Manzi, 50 anni, sposato e padre di quattro figli, 15 anni fa fu a sua volta vittima di usura ed estorsione. «Avevo bisogno di soldi e mi rivolsi agli strozzini. Fui vessato, cercarono di portarmi via l’attività, ma non ho ceduto. Però ho capito la solitudine di chi finisce in questo ingranaggio». Per questo fonda l’associazione Sos Racket e Usura e per un paio d’anni è costretto a girare sotto scorta. «Poi ho rinunciato, non sarei riuscito ad avvicinare le altre vittime presentandomi con un nugolo di poliziotti».
E fioccano le inchieste. La prima è contro un gruppo di pregiudicati che stazionano stabilmente davanti al Monte di Pietà, impegnati in attività di usura e ricettazione. Poi arriva la denuncia contro Nitto Santapaola che stava cercando di riciclare denaro sporco nei casinò svizzeri. Un impegno riconosciuto con il Premio Isimbardi consegnato a dicembre dal presidente della Provincia, Guido Podestà.
Il tempo di sorridere in posa, poi via a proseguire l’ultima sua battaglia, quella contro il racket delle occupazioni abusive delle case Aler. L’estate scorsa infatti aveva denunciato un’organizzazione attiva in via padre Monti che, dietro compenso, segnalava gli alloggi sfitti in cui entrare illegalmente.

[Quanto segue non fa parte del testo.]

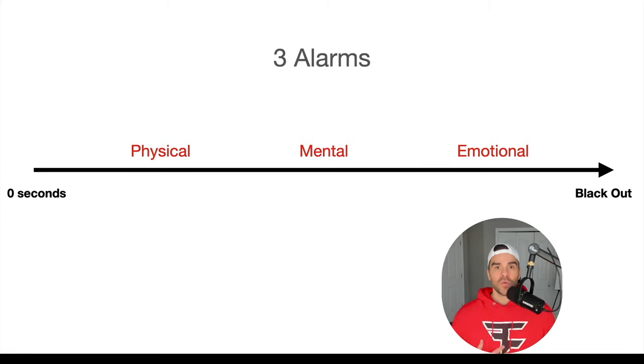This is what we build. My goal for you watching these is to get you into the one minute club. The way I teach it, I teach breath holding with what I call the three alarms. It breaks it down simply so you can know exactly what you need to do. If you look at a breath hold — this represents a timeline. This is when you first hold your breath at zero seconds, and this is the end — blackout — that's the maximum breath hold time.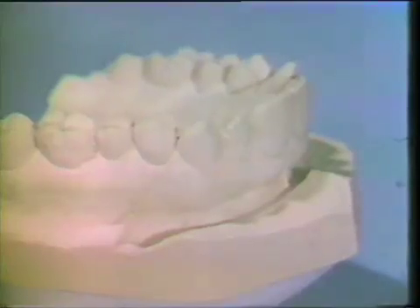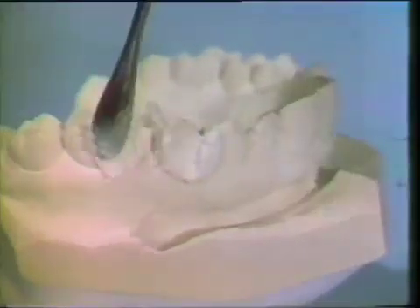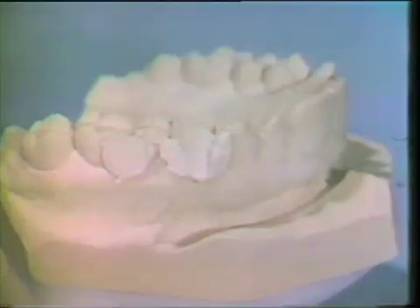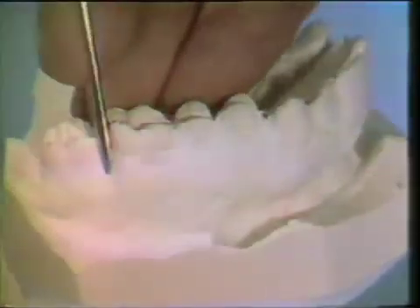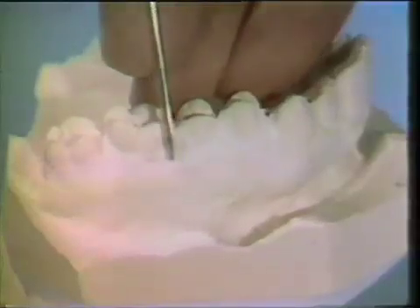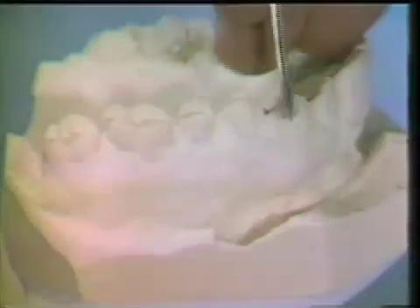Fabrication begins with the elimination of undercuts. Those undercuts related to the contour of the teeth are blocked out. The casts have been soaked in water. A soft mix of impression plaster is placed into the tooth undercuts. A wax spatula is used to remove excess plaster. Ultimately, all tooth undercuts, buccally and palatally, are blocked out.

E a novembre vennero arrestati Giovanna Pesco, 57 anni, il suo compagno Omar Moreschi, 29, e la figlia Anna Cardinale, 39. Ma è stata subito sostituita da un’altra famiglia mafiosa sulla quale, dopo aver lavorato tutto gennaio, Manzi ha recentemente presentato una dettagliato dossier in Procura.
Ma, accusa Manzi, spesso la sua attività si è scontrata con le istituzioni, dagli investigatori che mal sopportavano la sua «concorrenza», agli enti locali che non hanno mai accolto la sua richiesta di una sede «sicura» per Sos Racket e Usura.

E adesso l’ultima goccia che fa traboccare il vaso. Anche se in queste ore sono già arrivati attestati di stima e solidarietà dal vicesindaco Riccardo De Corato, e dai consiglieri comunale, Carmela Rozza, e provinciale, Roberto Caputo, del Pd.